There’s something happening in Phoenix that doesn’t look like traditional nightlife, networking, wellness culture, or entertainment—but somehow contains pieces of all of them. It’s called Club Lumen, and it’s led by community builder, facilitator, and joy-activator Zoë Bibbes, whose mission is simple: create environments where people feel safe enough to express themselves.
Instead of waiting for the perfect venue or curated event space, Club Lumen brings connection into places people already occupy. One moment it’s a coffee shop; a few minutes later, it feels like a dance floor. That’s what makes Club Lumen different.
Who Is Zoë Bibbes?
Zoë is not a performer, promoter, or influencer in the traditional sense. She’s a catalyst.
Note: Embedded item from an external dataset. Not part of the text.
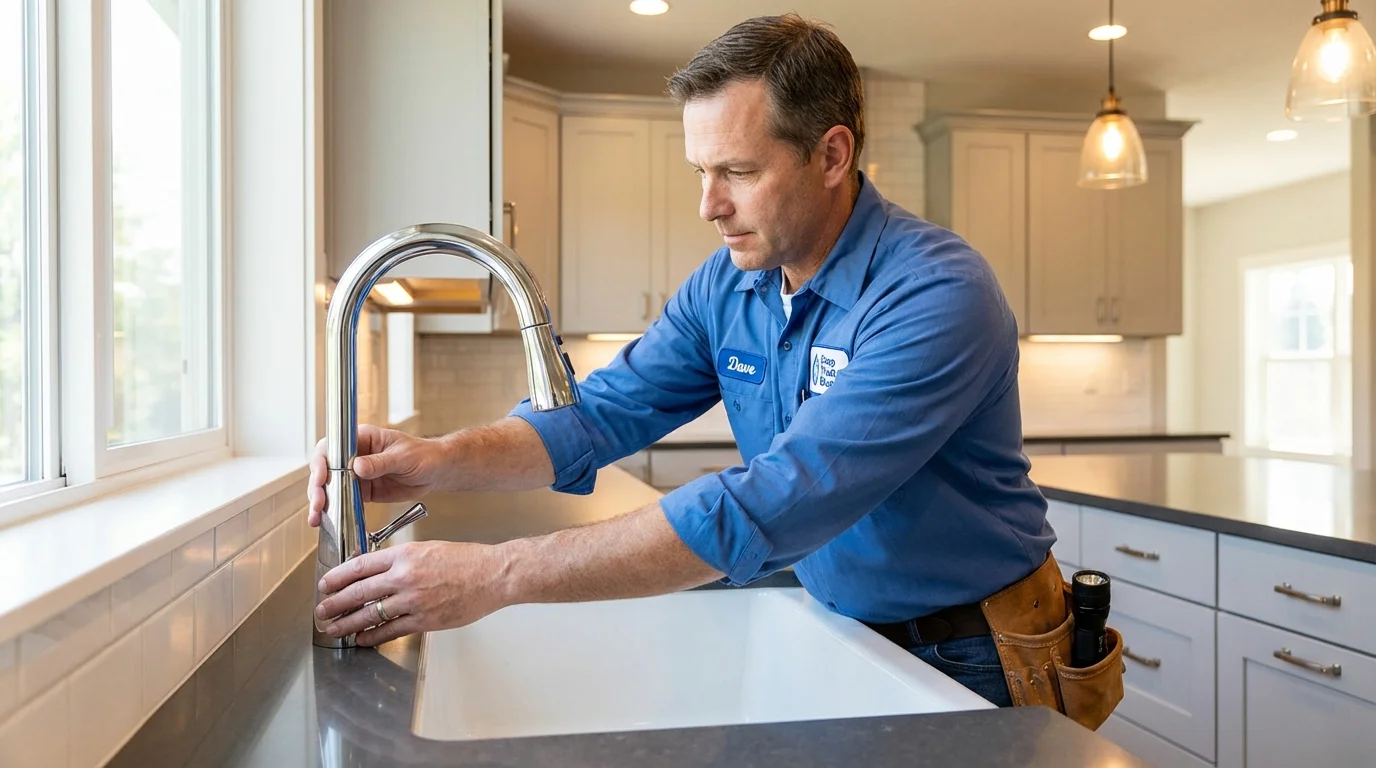 Kitchen faucet installation by Johns Plumbing LLC in West Long Branch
Her personal philosophy is that joy should not be reserved for special occasions, nightlife outings, or milestone moments. She believes people can access joy and connection right where they are, even if that’s while waiting for coffee, finishing work, or walking into a public space alone.
Her intention with Club Lumen is to build experiences that dissolve social pressure and remind people how to express themselves freely.
We had a full sit down with her to chat about her thought process and inspiration going into creating the Club Lumen project:
What Club Lumen Actually Is
Club Lumen is not a venue or a scheduled weekly program. It’s not tied to a menu, a ticket price, or a formal stage.
Instead, it exists as a mobile energy shift, hosted wherever people gather:
- coffee shops
- public spaces
- small collective environments
- creative studios
- pop-ups

From my perspective, the concept is grounded in three elements:
1) Presence
People arrive as themselves without needing to perform or present a certain image. There’s no expectation to impress or match a vibe. That simplicity creates a calm, open atmosphere where everyone can settle in and just be there without pressure.
2) Expression
Movement starts small. Someone sways, someone hums, someone lets the music guide them a little. There’s no sense of being watched or judged. Expression can be dancing, singing, or just feeling the moment in your own way. It gives the room a warmer, more playful feel.
3) Participation
This is where the shift happens. When people choose to join the moment instead of staying on the sidelines, the space becomes something different. Routine fades and the energy lifts. In the video, a quiet café turned into a spontaneous mini dance scene because a few people leaned into the moment. Participation turns an ordinary setting into a shared experience.
Why People Connect With Club Lumen, and the Bigger Cultural Shift

There’s a reason people walk away from Club Lumen feeling like something genuine just happened. It offers what most adults rarely get access to anymore: play without being intoxicated, movement without comparison, and moments that don’t require documentation to feel meaningful. You don’t need to post anything or pretend you’re having a good time. You don’t need to curate an identity at the door. You get to exist without performing.
What makes this strike so deeply is that it mirrors a broader cultural shift happening beneath the surface. A lot of young adults are quietly craving spaces that aren’t transactional or image-driven, places where showing up is enough. After years of social interaction being filtered through dating apps, bars, nightlife routines, and screens, there’s a fatigue that people don’t always name but feel. Club Lumen brushes up against that need.
It slips into the gap between daily routine and manufactured social experiences, creating something that feels unforced. Strangers share movement without context. People enjoy music without needing a “scene.” The experience isn’t built around being seen; it’s built around being there. In a time where connection often feels staged or scheduled, Club Lumen gives people an easy way to feel real again.
What’s Next for Club Lumen?
The emerging plan includes regular high-intent gatherings, invite-only studio sessions, curated pop-ups, spaces designed around movement and self-expression, collaborations with, wellness, creative, and lifestyle-aligned brands
Zoë is actively building out a structure that will allow these gatherings to scale while maintaining the intimacy and authenticity that makes them powerful. There is no rush, and she’s not trying to industrialize joy. She’s shaping it carefully.
Why This Kind of Experience Matters
Club Lumen matters because it reminds people that joy doesn’t require a special environment. Connection doesn’t require an icebreaker. And presence doesn’t require perfection.
People just need a signal that it’s allowed, a space where expression isn’t judged, and someone who goes first. That someone, right now, is Zoë. And Club Lumen is the container she uses to unlock it for others.